TASK TO CARRY OUT » Find the line containing "Close Up Face" in the entries below. Restate it and each line after it, word for word, up to and including the line containing "A pathway leading".

EXTRACTED DATA »
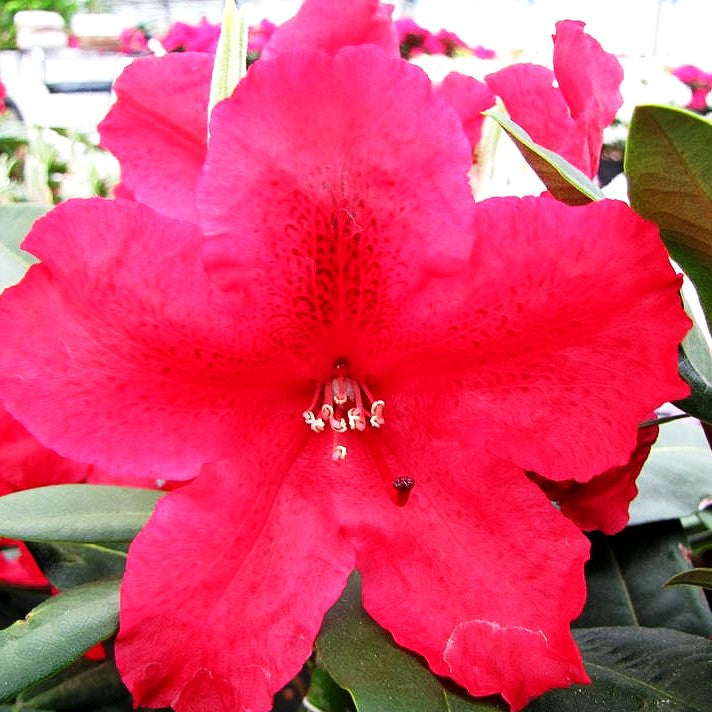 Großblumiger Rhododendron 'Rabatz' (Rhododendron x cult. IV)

* * *

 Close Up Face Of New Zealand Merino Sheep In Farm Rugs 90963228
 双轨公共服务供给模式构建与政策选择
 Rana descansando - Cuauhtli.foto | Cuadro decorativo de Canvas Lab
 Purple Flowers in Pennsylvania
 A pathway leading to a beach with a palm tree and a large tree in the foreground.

SOLUTION FOR THIS EXERCISE »
 Close Up Face Of New Zealand Merino Sheep In Farm Rugs 90963228
 双轨公共服务供给模式构建与政策选择
 Rana descansando - Cuauhtli.foto | Cuadro decorativo de Canvas Lab
 Purple Flowers in Pennsylvania
 A pathway leading to a beach with a palm tree and a large tree in the foreground.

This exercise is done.